WASHINGTON — Congress is apparently not done cutting taxes, even after passing a $1.5 trillion tax overhaul last year.
The deal struck by Democrats and Republicans on Monday to end a brief government shutdown contains $31 billion in tax cuts, including a temporary delay in implementing three health care-related taxes.
Those delays, which enjoy varying degrees of bipartisan support, are not offset by any spending cuts or tax increases, and thus will add to a federal budget deficit that is already projected to increase rapidly as last year’s mammoth new tax law takes effect.
The Congressional Budget Office said this month that the federal budget deficit reached $228 billion in the first three months of the current fiscal year, $18 billion more than the deficit in the first quarter of fiscal 2017, despite strong economic growth. And that was before the tax cuts kicked in.

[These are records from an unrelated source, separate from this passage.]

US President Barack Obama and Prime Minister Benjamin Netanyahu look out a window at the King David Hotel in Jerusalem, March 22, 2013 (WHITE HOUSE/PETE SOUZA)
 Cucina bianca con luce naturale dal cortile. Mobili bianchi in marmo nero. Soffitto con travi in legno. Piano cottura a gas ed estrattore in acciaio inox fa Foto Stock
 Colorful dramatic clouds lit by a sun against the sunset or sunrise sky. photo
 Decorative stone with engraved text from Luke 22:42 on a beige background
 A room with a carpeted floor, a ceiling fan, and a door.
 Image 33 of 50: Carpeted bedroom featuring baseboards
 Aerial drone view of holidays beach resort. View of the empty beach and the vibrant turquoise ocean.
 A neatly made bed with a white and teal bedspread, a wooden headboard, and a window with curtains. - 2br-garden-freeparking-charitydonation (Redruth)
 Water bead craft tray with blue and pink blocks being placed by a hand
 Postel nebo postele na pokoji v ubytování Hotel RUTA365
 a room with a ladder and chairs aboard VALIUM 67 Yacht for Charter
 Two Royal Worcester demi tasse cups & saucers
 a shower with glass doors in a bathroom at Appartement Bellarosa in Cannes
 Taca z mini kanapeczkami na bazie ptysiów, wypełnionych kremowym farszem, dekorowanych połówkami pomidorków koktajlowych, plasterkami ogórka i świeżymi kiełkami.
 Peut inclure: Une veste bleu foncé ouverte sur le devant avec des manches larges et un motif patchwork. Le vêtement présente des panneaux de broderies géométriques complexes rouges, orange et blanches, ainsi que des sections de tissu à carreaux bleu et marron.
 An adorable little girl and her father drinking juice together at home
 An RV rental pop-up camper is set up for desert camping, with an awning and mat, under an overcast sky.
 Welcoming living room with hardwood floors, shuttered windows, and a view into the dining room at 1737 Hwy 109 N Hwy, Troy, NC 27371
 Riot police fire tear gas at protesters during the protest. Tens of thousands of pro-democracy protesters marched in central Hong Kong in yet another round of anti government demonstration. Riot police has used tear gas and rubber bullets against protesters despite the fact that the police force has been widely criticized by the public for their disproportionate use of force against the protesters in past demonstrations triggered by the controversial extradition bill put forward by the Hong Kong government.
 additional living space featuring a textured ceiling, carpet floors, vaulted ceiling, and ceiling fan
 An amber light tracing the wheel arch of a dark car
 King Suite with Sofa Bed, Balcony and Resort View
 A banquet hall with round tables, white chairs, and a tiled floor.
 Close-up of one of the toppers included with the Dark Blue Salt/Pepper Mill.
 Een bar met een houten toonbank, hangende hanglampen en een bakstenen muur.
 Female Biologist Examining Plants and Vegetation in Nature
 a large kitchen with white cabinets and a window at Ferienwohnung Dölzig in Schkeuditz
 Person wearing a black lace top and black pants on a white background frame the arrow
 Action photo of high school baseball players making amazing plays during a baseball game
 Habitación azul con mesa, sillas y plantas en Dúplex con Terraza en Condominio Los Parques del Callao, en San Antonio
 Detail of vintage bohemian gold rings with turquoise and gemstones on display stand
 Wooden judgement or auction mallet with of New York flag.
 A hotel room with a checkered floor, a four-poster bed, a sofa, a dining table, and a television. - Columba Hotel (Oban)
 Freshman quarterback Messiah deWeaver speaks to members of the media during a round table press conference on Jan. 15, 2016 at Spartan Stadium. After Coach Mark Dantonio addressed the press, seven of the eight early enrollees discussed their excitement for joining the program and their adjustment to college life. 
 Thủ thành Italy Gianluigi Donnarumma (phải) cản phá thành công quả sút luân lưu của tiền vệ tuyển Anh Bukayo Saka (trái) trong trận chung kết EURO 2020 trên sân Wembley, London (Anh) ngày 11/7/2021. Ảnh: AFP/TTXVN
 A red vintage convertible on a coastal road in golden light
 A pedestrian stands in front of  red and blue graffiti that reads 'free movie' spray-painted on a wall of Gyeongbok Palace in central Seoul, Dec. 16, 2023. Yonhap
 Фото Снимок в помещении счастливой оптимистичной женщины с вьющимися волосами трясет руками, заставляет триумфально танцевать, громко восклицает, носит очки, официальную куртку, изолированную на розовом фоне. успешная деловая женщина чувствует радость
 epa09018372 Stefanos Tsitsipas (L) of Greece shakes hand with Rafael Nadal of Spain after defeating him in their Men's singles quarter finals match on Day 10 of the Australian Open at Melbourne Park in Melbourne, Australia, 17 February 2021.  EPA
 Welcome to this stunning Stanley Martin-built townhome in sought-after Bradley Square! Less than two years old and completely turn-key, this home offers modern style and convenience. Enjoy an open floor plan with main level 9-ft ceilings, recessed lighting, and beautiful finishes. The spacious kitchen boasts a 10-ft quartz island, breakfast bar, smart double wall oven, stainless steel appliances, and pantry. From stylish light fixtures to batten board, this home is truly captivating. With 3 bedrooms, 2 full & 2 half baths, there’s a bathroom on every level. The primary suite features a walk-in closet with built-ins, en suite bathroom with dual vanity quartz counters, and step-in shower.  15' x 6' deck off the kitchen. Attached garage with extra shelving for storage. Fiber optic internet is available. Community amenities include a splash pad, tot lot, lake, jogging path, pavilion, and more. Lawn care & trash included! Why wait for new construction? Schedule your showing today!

“All the finger pointing has overshadowed the discussion about the actual substance of the budget deal,” said Maya MacGuineas, president of the Committee for a Responsible Federal Budget, “and many lawmakers don’t even seem to care that the deal they are considering — which will almost certainly include even more tax cuts following the unaffordable tax bill Congress just passed, as well as new spending increases — will add tens of billions to the deficit. There is almost zero discussion of the ongoing damage on the nation’s finances.”